[Data records]:
>>

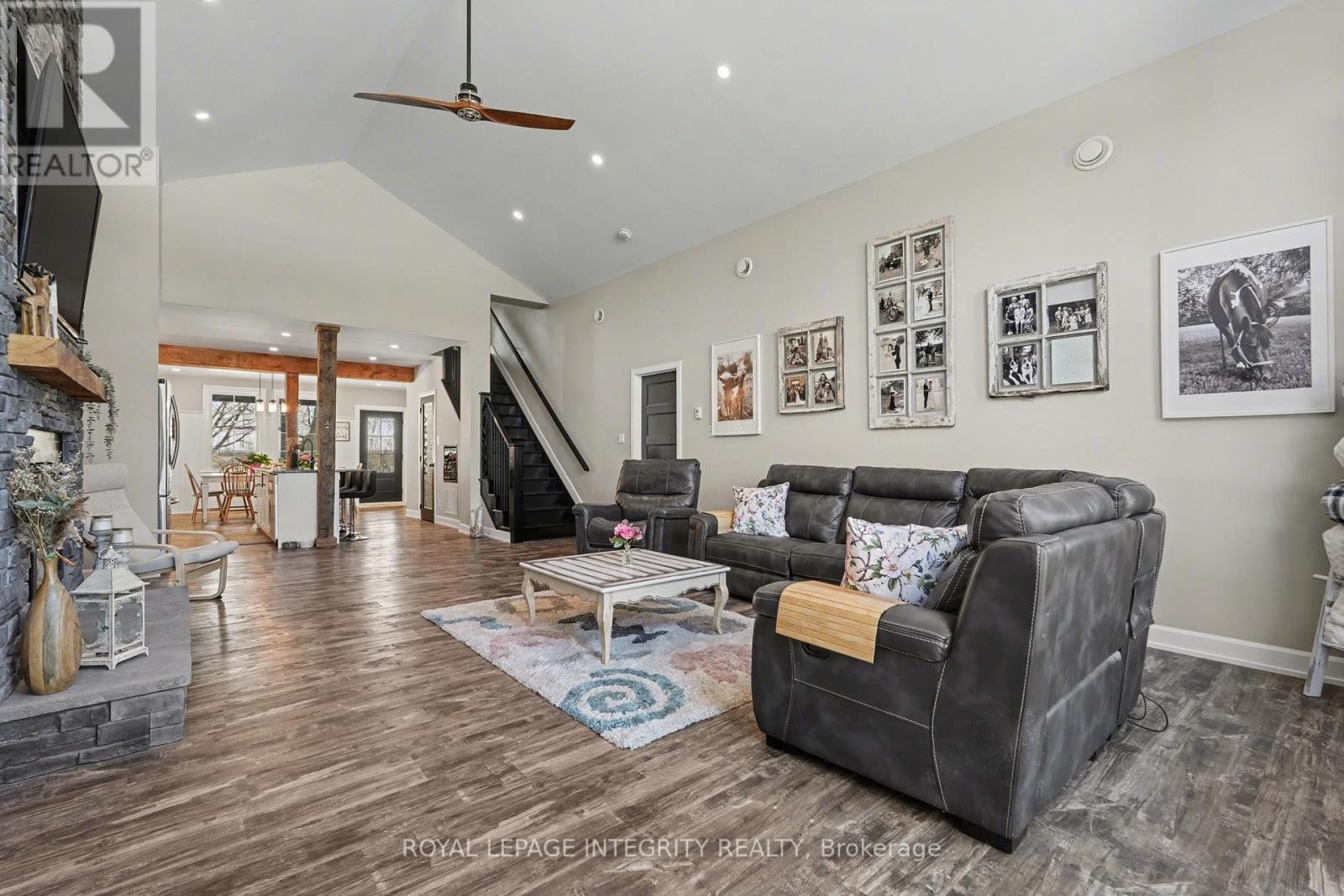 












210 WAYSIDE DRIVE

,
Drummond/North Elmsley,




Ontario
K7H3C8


<<
>>

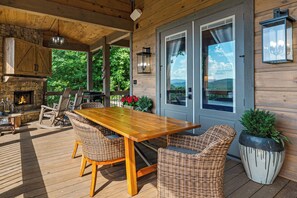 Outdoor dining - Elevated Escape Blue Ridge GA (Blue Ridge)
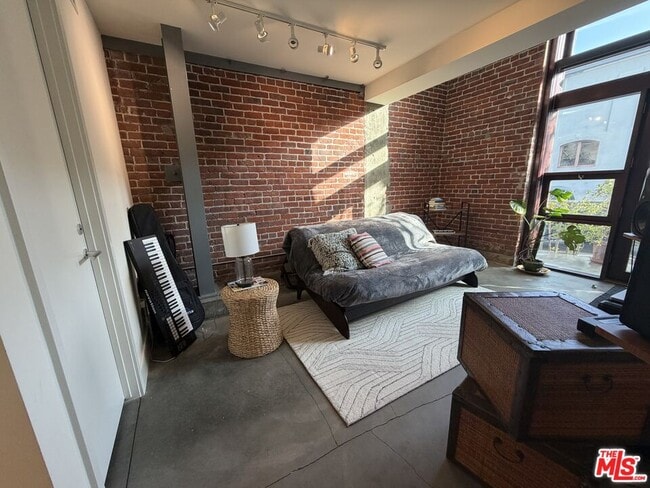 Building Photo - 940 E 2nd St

<<

[About this task]:
Copy word for word the lines of the records above from the one with "Outdoor dining - Elevated" up to and including the one with "Building Photo - 940 E 2nd St". Skip the pictures.

[Answer box]:
 Outdoor dining - Elevated Escape Blue Ridge GA (Blue Ridge)
 Building Photo - 940 E 2nd St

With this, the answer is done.